By State’s Own Measure, Economy Ranks 32nd
The Connecticut economy gained seven spots in the state’s own annual ranking of state economies but still trails much of the nation and New England.
Prepared by the state Department of Labor, the State Economic Indexes report ranked Connecticut 32nd overall in 2016—up from 39th the previous year—among the 50 states and the District of Columbia.
The annual composite index, which measures the overall economic strength of each state, is based on business growth, job creation, wage growth, and unemployment.
Connecticut’s 2016 index was 120.5. That’s below the nationwide value of 124.5, although the state’s overall ranking represents its best performance in six years.
“This SEI report shows that the Connecticut economy still has a long way to go to catch up with most Northeast region states,” said CBIA Economist Pete Gioia.
Will Budget Crisis Impact Growth?
Connecticut’s SEI index has increased 20.5% overall since 2010, when the economic recovery began. However, nationwide growth during that same period was 24.5%.
“Based on SEI calculations, Connecticut’s move up to 32nd place is an encouraging sign,” the report’s authors noted in the October 2017 Connecticut Economic Digest.
“However, with the ongoing budget crisis, it remains to be seen if our state’s economy will improve by the end of this year.”
Connecticut is the only state in the country yet to approve a state budget this year.
The state’s economic index mirrors CNBC’s latest America’s Top States for Business study—the most widely recognized national independent ranking—which ranked Connecticut 33rd this year.
While Connecticut continues to be among the leaders in wages—its annual average salary of $65,875 exceeds the national average of $53,611—the SEI report found it still trails most of the nation in business starts, wage gains, job growth, and unemployment.
The state ranked 35th in 2016 for business growth rate, 42nd in wage gains, 46th in job growth, and 34th for unemployment.
With the ongoing budget crisis, it remains to be seen if our state's economy will improve by the end of this year.

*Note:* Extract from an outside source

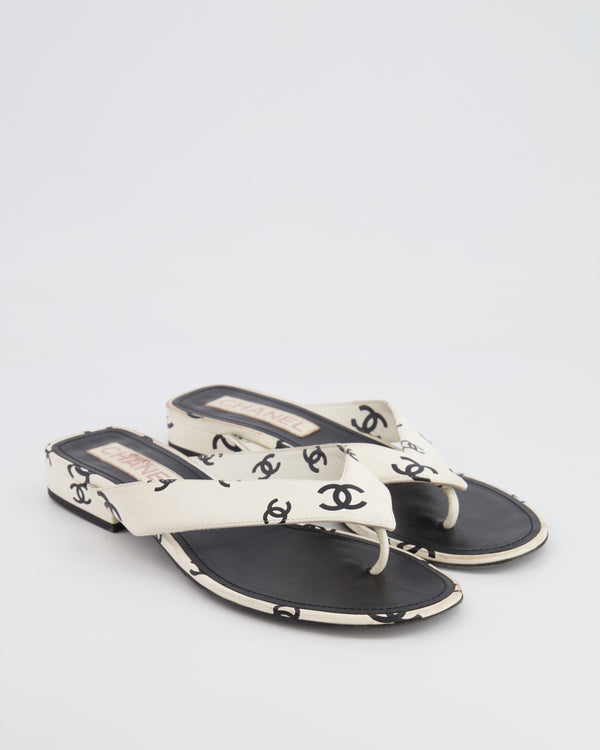 *HOT* Chanel White and Black CC Logo Leather Flip Flop Sandals Size 38C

New Hampshire was the highest placed of the New England states in the SEI report, ranked seventh with an index of 131.7.
Rhode Island was ninth (130.2), Massachusetts 10th (129.8), Maine 11th (129.3), and Vermont was 38th (118.2).
Colorado finished first in the index with a rating of 145.2, while Wyoming was last at 102.6.

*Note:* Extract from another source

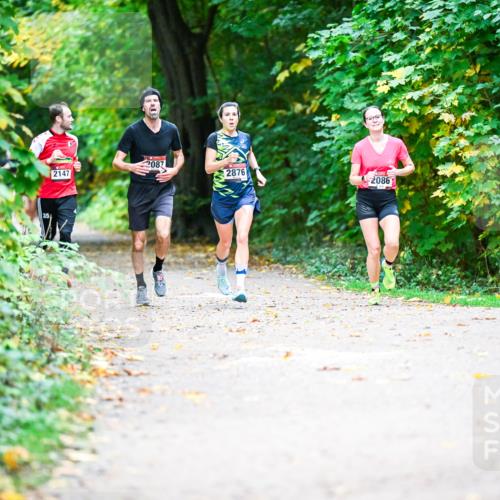 12.10.2025 - Bramfelder Halbmarathon 2025 Dr. Thomas Lammeyer http://msf.ph/oto/9352887 12.10.2025 10:45:14 Laufen 2087, 2147, 2876, 2086 meine-sportfotos.de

Business and labor conditions improved in only 29 states from 2015 to 2016, possibly reflecting an economic slowdown, the report said. By contrast, 45 states made gains from 2014 to 2015.
States that saw the largest percentage increase year-over-year were New Hampshire, Massachusetts, and Arkansas.
Connecticut's year-over-year growth was 1.9%, ranking it 16th in that category. Every state and D.C. saw growth from 2015 to 2016, the report says.
The report also noted that falling index numbers in 2016 point to "the probability of a further slowdown of the national economy."